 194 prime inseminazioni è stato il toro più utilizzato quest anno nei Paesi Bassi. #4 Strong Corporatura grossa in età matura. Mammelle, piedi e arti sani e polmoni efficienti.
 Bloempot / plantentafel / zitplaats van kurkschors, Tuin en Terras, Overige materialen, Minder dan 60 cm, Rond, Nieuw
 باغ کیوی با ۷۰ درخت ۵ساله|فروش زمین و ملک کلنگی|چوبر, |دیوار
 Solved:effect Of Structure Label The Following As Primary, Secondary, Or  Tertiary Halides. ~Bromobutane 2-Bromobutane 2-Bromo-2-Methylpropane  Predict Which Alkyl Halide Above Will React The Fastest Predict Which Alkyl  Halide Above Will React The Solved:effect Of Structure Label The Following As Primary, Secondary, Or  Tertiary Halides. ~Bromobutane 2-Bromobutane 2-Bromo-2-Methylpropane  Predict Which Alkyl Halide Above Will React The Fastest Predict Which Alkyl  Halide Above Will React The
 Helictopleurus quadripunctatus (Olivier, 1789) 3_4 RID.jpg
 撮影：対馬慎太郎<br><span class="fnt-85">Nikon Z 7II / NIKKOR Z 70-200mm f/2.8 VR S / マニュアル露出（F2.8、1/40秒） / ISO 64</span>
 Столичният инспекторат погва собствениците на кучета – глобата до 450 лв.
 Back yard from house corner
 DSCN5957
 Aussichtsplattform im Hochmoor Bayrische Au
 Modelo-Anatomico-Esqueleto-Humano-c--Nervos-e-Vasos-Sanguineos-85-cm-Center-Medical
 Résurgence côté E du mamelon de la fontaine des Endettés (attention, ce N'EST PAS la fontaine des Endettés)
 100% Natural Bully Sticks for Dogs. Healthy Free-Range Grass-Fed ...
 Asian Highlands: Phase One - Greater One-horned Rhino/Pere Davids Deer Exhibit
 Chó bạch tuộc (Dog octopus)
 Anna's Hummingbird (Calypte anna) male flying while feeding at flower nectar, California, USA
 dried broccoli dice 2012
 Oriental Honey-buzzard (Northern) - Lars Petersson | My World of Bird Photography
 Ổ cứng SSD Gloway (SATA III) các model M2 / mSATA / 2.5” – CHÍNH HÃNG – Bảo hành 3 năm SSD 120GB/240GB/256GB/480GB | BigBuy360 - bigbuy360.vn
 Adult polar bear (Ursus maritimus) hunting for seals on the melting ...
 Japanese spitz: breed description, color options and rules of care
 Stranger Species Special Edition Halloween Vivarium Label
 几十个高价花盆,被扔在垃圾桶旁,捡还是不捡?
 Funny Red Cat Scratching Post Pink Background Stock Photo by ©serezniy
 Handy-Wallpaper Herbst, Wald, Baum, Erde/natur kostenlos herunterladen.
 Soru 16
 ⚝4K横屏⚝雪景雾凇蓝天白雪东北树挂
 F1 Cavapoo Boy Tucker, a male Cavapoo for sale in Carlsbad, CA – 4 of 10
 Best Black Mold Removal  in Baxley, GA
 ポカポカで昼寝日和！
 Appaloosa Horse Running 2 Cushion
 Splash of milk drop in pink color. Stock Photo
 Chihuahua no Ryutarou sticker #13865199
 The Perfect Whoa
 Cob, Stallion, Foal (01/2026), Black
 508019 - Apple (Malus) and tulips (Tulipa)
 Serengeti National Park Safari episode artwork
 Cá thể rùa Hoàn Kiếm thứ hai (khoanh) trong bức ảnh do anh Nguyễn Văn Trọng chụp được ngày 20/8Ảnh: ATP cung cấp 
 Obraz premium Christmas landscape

- **WHAT TO WORK ON**: Retype all the material exactly, missing nothing.

- **COMPLETED EXERCISE**:
 194 prime inseminazioni è stato il toro più utilizzato quest anno nei Paesi Bassi. #4 Strong Corporatura grossa in età matura. Mammelle, piedi e arti sani e polmoni efficienti.
 Bloempot / plantentafel / zitplaats van kurkschors, Tuin en Terras, Overige materialen, Minder dan 60 cm, Rond, Nieuw
 باغ کیوی با ۷۰ درخت ۵ساله|فروش زمین و ملک کلنگی|چوبر, |دیوار
 Solved:effect Of Structure Label The Following As Primary, Secondary, Or  Tertiary Halides. ~Bromobutane 2-Bromobutane 2-Bromo-2-Methylpropane  Predict Which Alkyl Halide Above Will React The Fastest Predict Which Alkyl  Halide Above Will React The Solved:effect Of Structure Label The Following As Primary, Secondary, Or  Tertiary Halides. ~Bromobutane 2-Bromobutane 2-Bromo-2-Methylpropane  Predict Which Alkyl Halide Above Will React The Fastest Predict Which Alkyl  Halide Above Will React The
 Helictopleurus quadripunctatus (Olivier, 1789) 3_4 RID.jpg
 撮影：対馬慎太郎<br><span class="fnt-85">Nikon Z 7II / NIKKOR Z 70-200mm f/2.8 VR S / マニュアル露出（F2.8、1/40秒） / ISO 64</span>
 Столичният инспекторат погва собствениците на кучета – глобата до 450 лв.
 Back yard from house corner
 DSCN5957
 Aussichtsplattform im Hochmoor Bayrische Au
 Modelo-Anatomico-Esqueleto-Humano-c--Nervos-e-Vasos-Sanguineos-85-cm-Center-Medical
 Résurgence côté E du mamelon de la fontaine des Endettés (attention, ce N'EST PAS la fontaine des Endettés)
 100% Natural Bully Sticks for Dogs. Healthy Free-Range Grass-Fed ...
 Asian Highlands: Phase One - Greater One-horned Rhino/Pere Davids Deer Exhibit
 Chó bạch tuộc (Dog octopus)
 Anna's Hummingbird (Calypte anna) male flying while feeding at flower nectar, California, USA
 dried broccoli dice 2012
 Oriental Honey-buzzard (Northern) - Lars Petersson | My World of Bird Photography
 Ổ cứng SSD Gloway (SATA III) các model M2 / mSATA / 2.5” – CHÍNH HÃNG – Bảo hành 3 năm SSD 120GB/240GB/256GB/480GB | BigBuy360 - bigbuy360.vn
 Adult polar bear (Ursus maritimus) hunting for seals on the melting ...
 Japanese spitz: breed description, color options and rules of care
 Stranger Species Special Edition Halloween Vivarium Label
 几十个高价花盆,被扔在垃圾桶旁,捡还是不捡?
 Funny Red Cat Scratching Post Pink Background Stock Photo by ©serezniy
 Handy-Wallpaper Herbst, Wald, Baum, Erde/natur kostenlos herunterladen.
 Soru 16
 ⚝4K横屏⚝雪景雾凇蓝天白雪东北树挂
 F1 Cavapoo Boy Tucker, a male Cavapoo for sale in Carlsbad, CA – 4 of 10
 Best Black Mold Removal  in Baxley, GA
 ポカポカで昼寝日和！
 Appaloosa Horse Running 2 Cushion
 Splash of milk drop in pink color. Stock Photo
 Chihuahua no Ryutarou sticker #13865199
 The Perfect Whoa
 Cob, Stallion, Foal (01/2026), Black
 508019 - Apple (Malus) and tulips (Tulipa)
 Serengeti National Park Safari episode artwork
 Cá thể rùa Hoàn Kiếm thứ hai (khoanh) trong bức ảnh do anh Nguyễn Văn Trọng chụp được ngày 20/8Ảnh: ATP cung cấp 
 Obraz premium Christmas landscape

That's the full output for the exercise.